┌─ Source information

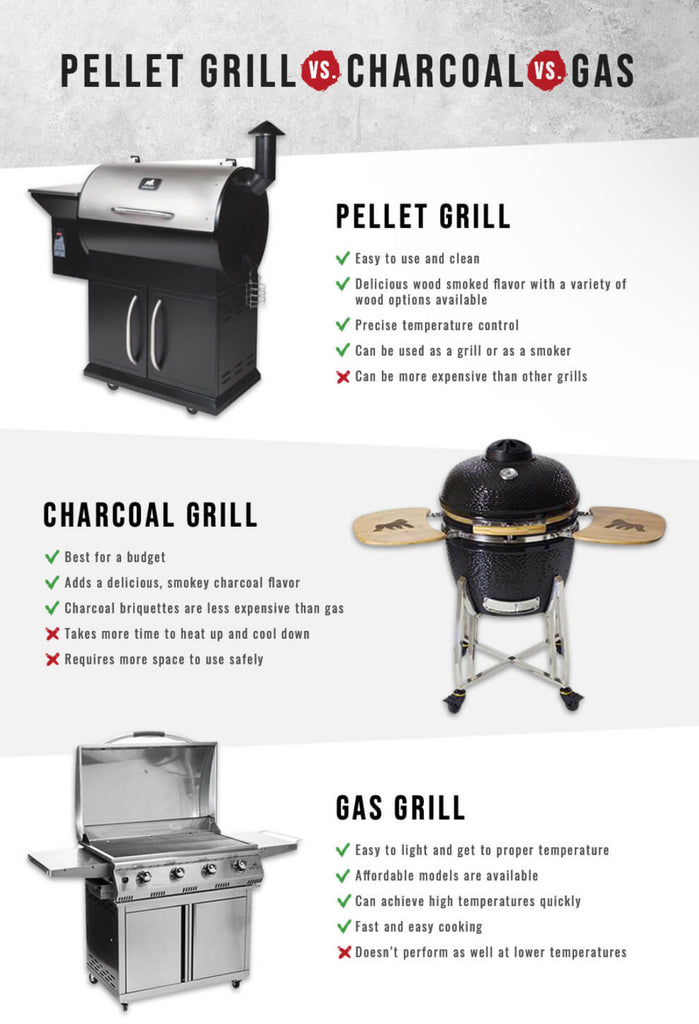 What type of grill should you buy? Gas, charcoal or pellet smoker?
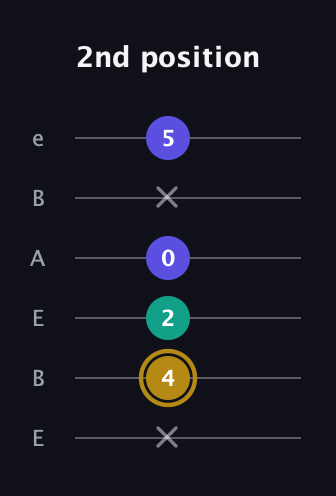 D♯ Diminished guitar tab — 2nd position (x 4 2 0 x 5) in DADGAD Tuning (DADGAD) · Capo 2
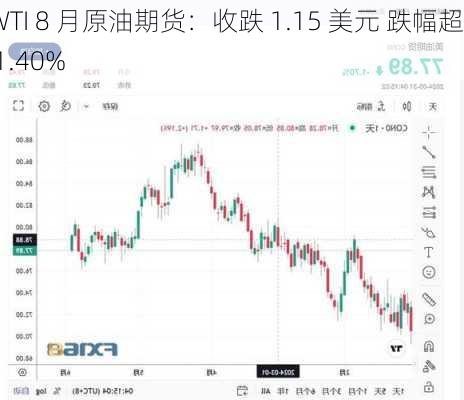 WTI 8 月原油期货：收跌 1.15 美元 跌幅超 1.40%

└─
┌─ Source information

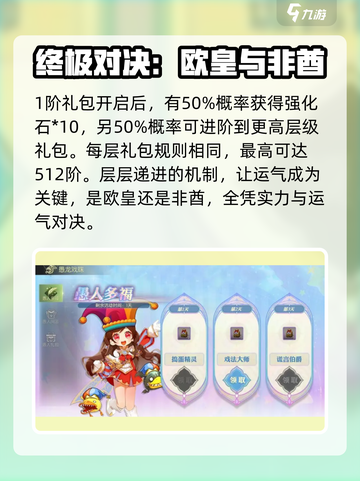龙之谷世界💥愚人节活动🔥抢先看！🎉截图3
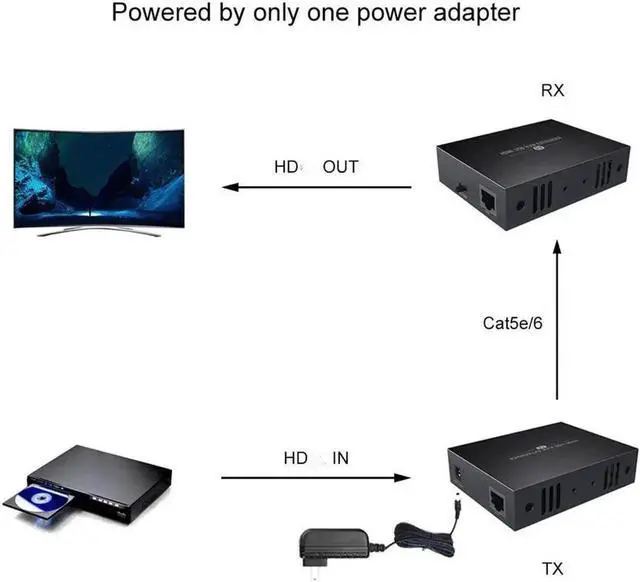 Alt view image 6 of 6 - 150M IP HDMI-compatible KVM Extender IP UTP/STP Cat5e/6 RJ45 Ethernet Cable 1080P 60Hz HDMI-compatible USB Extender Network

└─

Assigned task. Repeat the lines above exactly, beginning with the one containing "龙之谷世界💥愚人节活动🔥抢先看！🎉截图3" and finishing with the one containing "Alt view image". No pictures belong in the copy.

Response area.
龙之谷世界💥愚人节活动🔥抢先看！🎉截图3
 Alt view image 6 of 6 - 150M IP HDMI-compatible KVM Extender IP UTP/STP Cat5e/6 RJ45 Ethernet Cable 1080P 60Hz HDMI-compatible USB Extender Network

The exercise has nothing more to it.